- Jalkot Location in Maharashtra, India
- Coordinates: 18°37′45″N 77°10′52″E﻿ / ﻿18.62917°N 77.18111°E
- Country: India
- State: Maharashtra
- District: latur
- Taluka: Jalkot

Government
- • Type: Nagar panchayat
- • Body: Jalkot Nagar panchayat
- Elevation: 646 m (2,119 ft)

Population (2001)
- • Total: 7,912

Language
- • Official: Marathi
- Time zone: UTC+5:30 (IST)
- PIN: 413532
- Telephone code: +02471
- Vehicle registration: MH24 / MH55
- Lok Sabha constituency: Latur
- Vidhan Sabha constituency: Udgir
- Literacy: 67%

= Jalkot =

Village in Maharashtra, India

Jalkot is a Town and headquarters for Jalkot Taluka in Aurangabad Division of Nanded District in the Indian state of Maharashtra.

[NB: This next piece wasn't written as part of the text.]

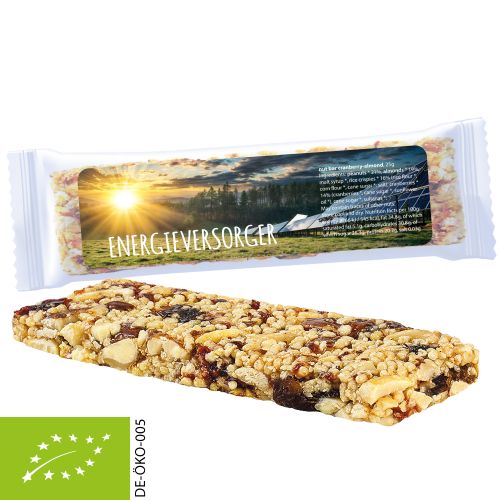 Organic crunchy bar cranberry almond, 25g, express flowpack with label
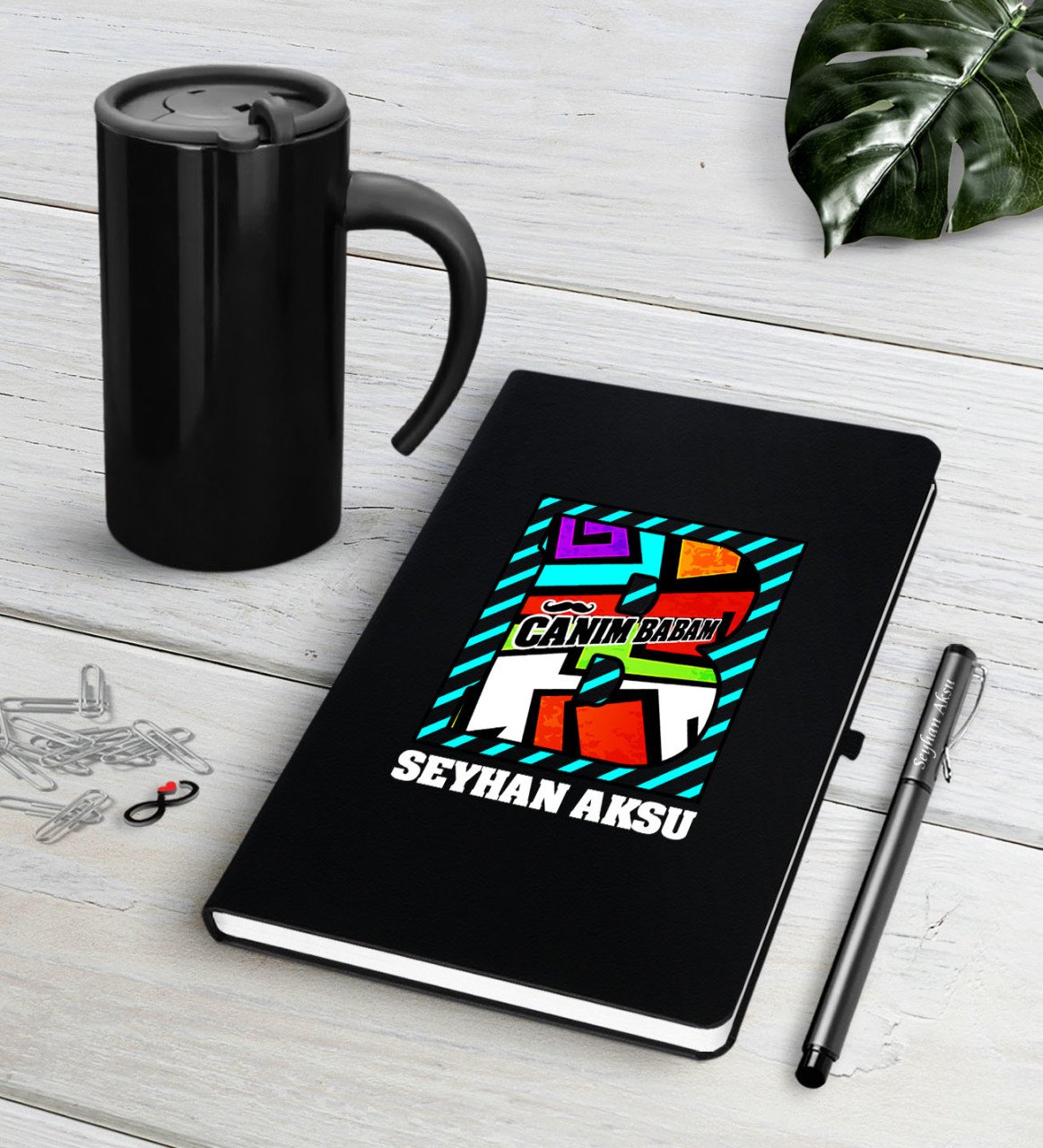 Kişiye Özel Canım Babam Siyah Defter Kalem Termos Mug Seti-3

The place is famous for its Mahadeo Temple. This place is also famous for a large fort(60 ft.) of the Deshmukh family. The place is surrounded by 3 mountains of the Balaghat ranges. The government offices in the town are the telephone exchange, MSEB office, the police station, tehsil office (panchayat samiti), a good number of schools and colleges.

==History==
During the 1947 "Hyderabad Police Action", there was a brief battle outside of Jalkot where a Hyderabad Army artillery field piece was captured.
The town and around territories were ruled by local kings belonging to Deshmukh family.

==Demographics==

In the 2001 Indian census, the village of Jalkot had 7,912 inhabitants, with 4,097 males (51.8%) and 3,815 females (48.2%), for a ratio of 931 females per 1,000 males.

==Education==

Various schools are:
- Zilha parishad high school and kanya shala and other schools.
- junior college is Gurudatt Mahavidyalaya.
- There are 4 D-Ed colleges in city, these are mahatma phule adhyapak vidyalaya, Sambhajirao kendre adhyapak vidhyalaya and Engineering institute, Tirupati adhyapak vidhyalaya, and Sambhaji kendre adhyapak vidhyalaya.
- There is a CBSE school named Subhadrai English School.
- Other English Schools include M.P Model English School, The World School etc.

==Temples==
- Balaji Temple is the new attraction of the town. Devotee's around the town are rushing to the place for God Tirupati darshan.
- Also Vitthal Rukmini Temple is nearby.
- Many other temples such as Lord Shiva Temple, Lord Datta Temple, Virbhadra Temple, Ambabai Temple and Hanuman Temple draw attention of people.
- A Temple of Mahadamai is located in a huge fort of Jalkot.